### Your objective
Pictures excluded, output the lines of the data below between the one holding "Let's put a" and the one holding "In code, we", inclusive, exactly as they stand.

##### Exercise materials

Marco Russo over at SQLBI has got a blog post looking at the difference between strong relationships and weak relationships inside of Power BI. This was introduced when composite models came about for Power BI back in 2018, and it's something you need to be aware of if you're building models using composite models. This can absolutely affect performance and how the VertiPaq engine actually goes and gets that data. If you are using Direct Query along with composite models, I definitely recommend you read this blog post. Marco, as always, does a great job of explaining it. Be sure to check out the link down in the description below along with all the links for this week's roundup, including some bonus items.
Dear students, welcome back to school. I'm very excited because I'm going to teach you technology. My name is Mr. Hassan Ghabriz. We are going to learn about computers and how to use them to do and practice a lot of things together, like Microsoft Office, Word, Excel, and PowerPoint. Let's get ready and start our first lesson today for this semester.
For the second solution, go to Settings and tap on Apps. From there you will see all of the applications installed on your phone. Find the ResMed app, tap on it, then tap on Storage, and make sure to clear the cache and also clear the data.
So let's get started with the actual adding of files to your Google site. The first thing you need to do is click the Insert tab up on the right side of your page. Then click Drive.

##########
##### Exercise materials

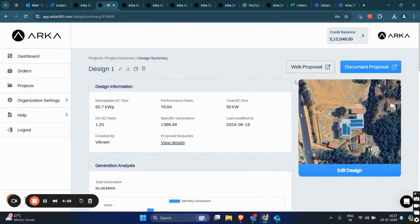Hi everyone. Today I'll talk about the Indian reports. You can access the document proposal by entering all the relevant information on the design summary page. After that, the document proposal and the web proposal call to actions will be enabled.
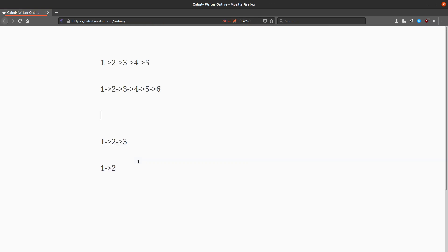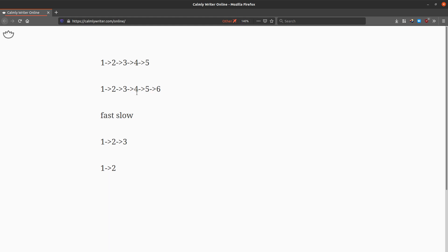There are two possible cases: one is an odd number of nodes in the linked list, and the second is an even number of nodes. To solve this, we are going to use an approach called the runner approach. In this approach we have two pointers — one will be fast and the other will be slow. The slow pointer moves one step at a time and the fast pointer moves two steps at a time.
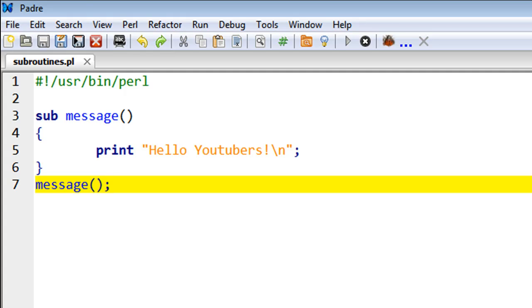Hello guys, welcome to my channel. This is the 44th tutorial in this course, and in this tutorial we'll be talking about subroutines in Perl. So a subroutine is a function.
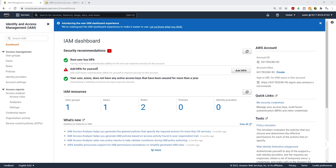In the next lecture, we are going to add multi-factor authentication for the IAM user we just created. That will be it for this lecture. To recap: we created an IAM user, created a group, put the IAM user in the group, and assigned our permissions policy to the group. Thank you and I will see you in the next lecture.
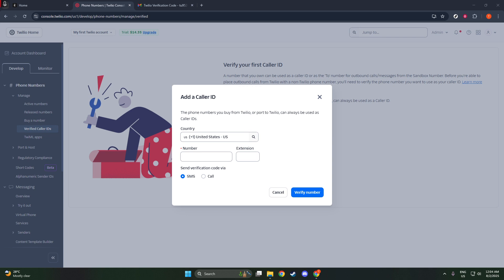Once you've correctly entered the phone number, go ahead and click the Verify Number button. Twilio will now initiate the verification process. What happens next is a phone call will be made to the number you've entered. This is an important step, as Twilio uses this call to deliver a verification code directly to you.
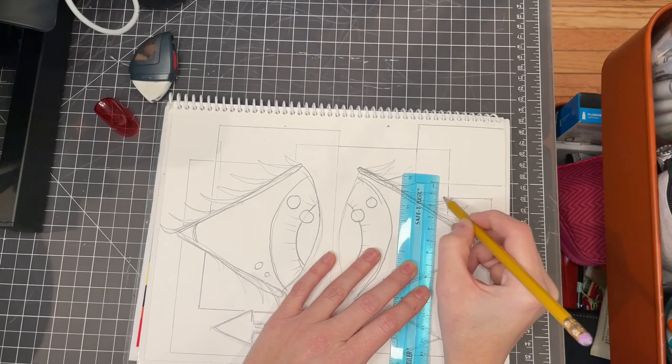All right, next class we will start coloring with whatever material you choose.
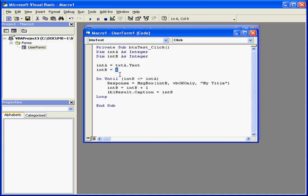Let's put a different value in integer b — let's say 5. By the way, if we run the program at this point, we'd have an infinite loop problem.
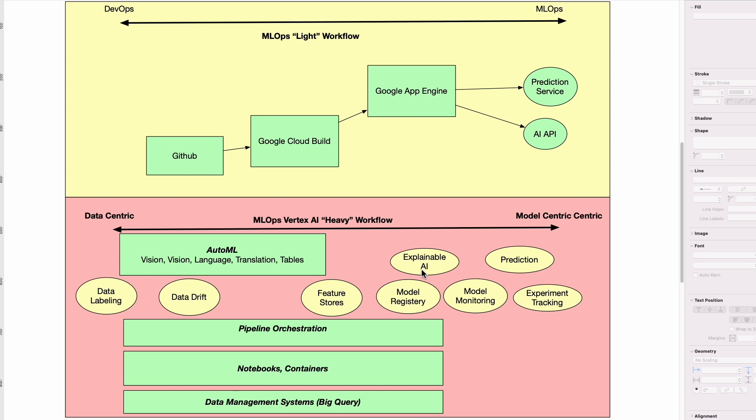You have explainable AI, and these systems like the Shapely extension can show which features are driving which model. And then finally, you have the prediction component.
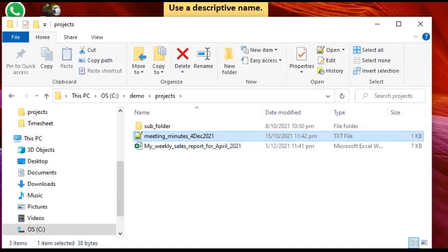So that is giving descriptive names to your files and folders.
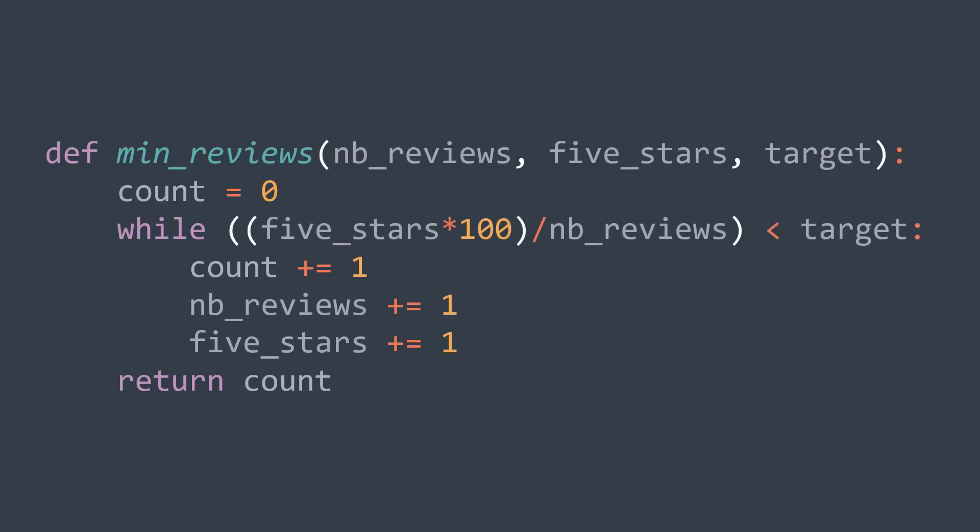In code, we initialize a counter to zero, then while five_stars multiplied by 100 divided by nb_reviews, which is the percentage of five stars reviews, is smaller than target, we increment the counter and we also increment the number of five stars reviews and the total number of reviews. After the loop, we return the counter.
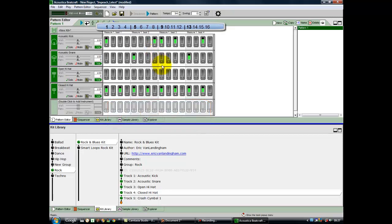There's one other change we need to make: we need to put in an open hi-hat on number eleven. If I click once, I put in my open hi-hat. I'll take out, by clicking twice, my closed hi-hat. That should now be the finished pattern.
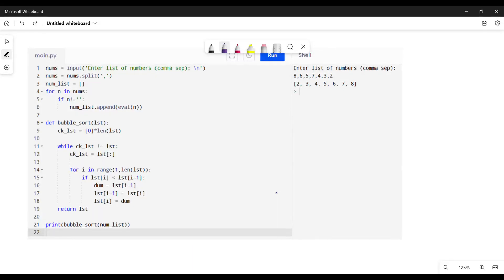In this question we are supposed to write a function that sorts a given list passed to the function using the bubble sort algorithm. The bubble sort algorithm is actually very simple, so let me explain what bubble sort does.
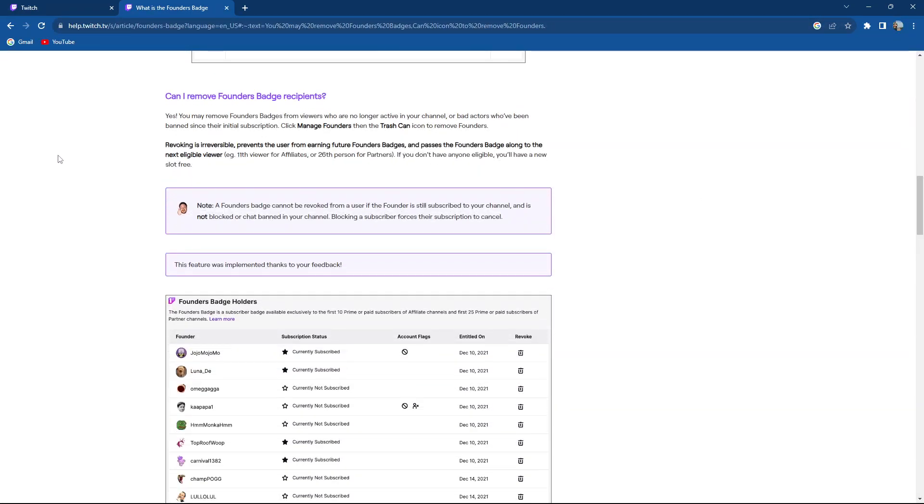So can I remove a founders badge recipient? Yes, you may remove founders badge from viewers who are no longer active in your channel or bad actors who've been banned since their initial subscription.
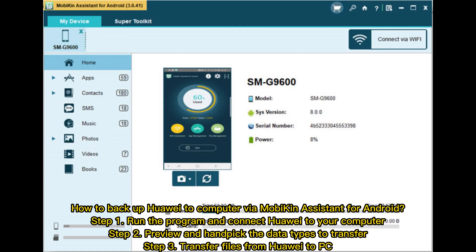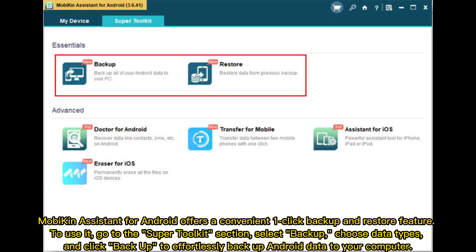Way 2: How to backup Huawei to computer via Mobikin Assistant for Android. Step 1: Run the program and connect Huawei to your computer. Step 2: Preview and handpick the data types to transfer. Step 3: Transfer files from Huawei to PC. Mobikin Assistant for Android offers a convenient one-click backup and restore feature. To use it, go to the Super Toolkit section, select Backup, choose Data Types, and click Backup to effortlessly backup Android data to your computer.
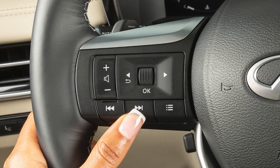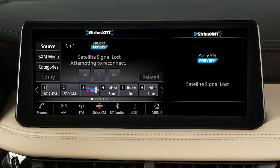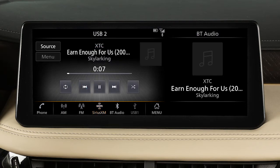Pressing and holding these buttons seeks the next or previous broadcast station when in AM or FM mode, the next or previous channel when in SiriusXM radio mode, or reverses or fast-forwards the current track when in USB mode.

##########

### Task output
Let's put a different value in integer b — let's say 5. By the way, if we run the program at this point, we'd have an infinite loop problem.
You have explainable AI, and these systems like the Shapely extension can show which features are driving which model. And then finally, you have the prediction component.
So that is giving descriptive names to your files and folders.
In code, we initialize a counter to zero, then while five_stars multiplied by 100 divided by nb_reviews, which is the percentage of five stars reviews, is smaller than target, we increment the counter and we also increment the number of five stars reviews and the total number of reviews. After the loop, we return the counter.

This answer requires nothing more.